« Oui, la révolution aussi, j’avais la flemme »

Simon Johannin revient au roman ! Dans une œuvre habitée par la question formelle, le jeune écrivain avait pourtant semblé, après Nino dans la nuit (écrit avec Capucine Johannin), s’orienter durablement vers la poésie. Même son précédent livre, Le dialogue, jouait avec les genres littéraires. Mais avec Ici commence un amour, la narration demeure subordonnée à un profond travail d’écriture et de mise en abyme, par lequel il nous livre un texte beau et puissant.

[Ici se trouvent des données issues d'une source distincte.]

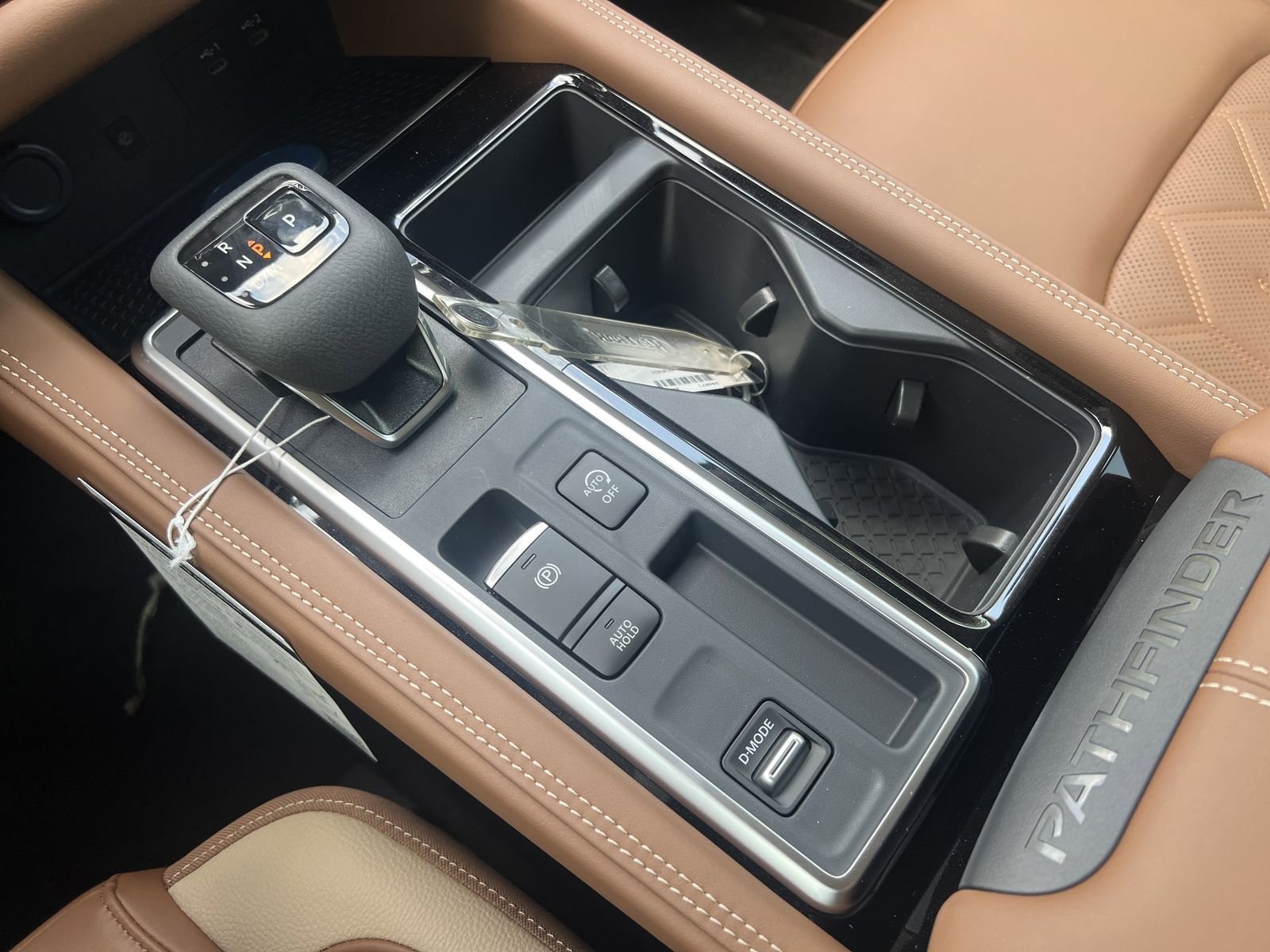 New 2026 Gray Nissan Platinum image 8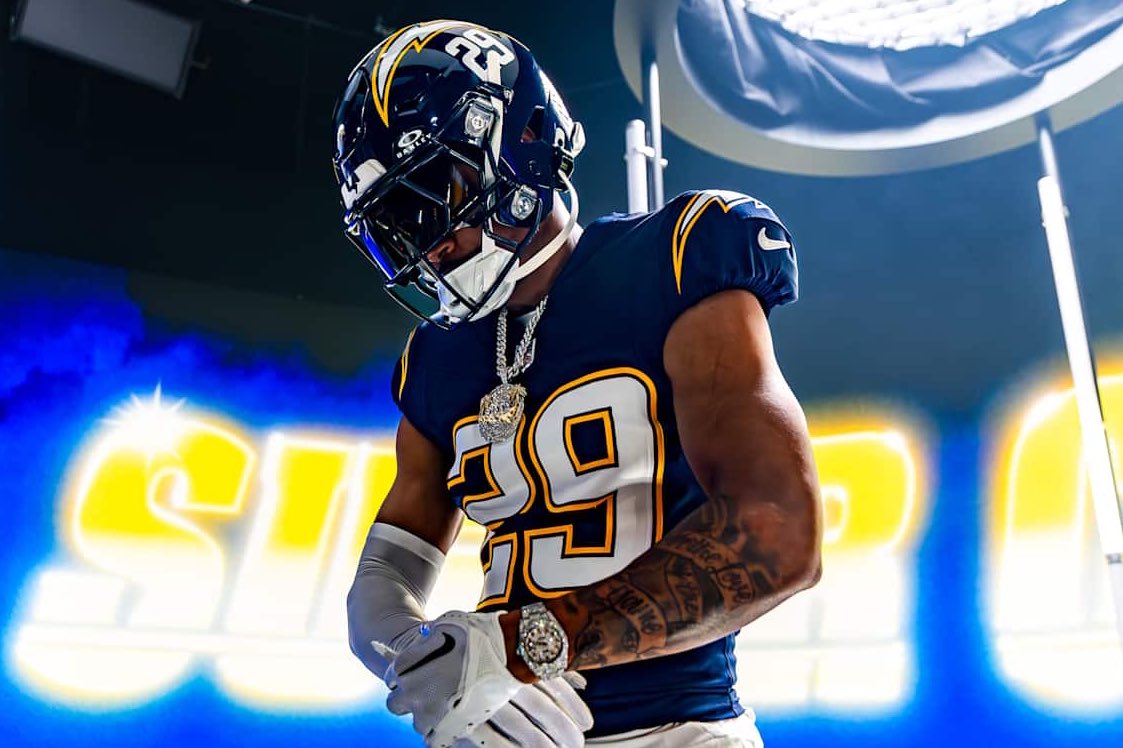 ThePowderblues's tweet image. Unreal. This is glorious. White pants. Maybe even yellow down the road. The white top as well would be nice. But i had imagined this uniform with a Matte navy or even chromed navy helmet. But this is amazing. Perfection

Simon Johannin | Ici commence un amour. Allia, 256 p., 17 €

On a pu, à propos de Johannin, parler d’une écriture « érotique », au sens où son travail part avant tout du désir et du corps, ou plutôt de la manière dont le désir affecte le corps et structure un rapport au monde. Cela semble plus que jamais vrai avec ce livre qui nous offre, au sein d’un vertigineux travail de narration, le condensé des obsessions de l’écrivain. 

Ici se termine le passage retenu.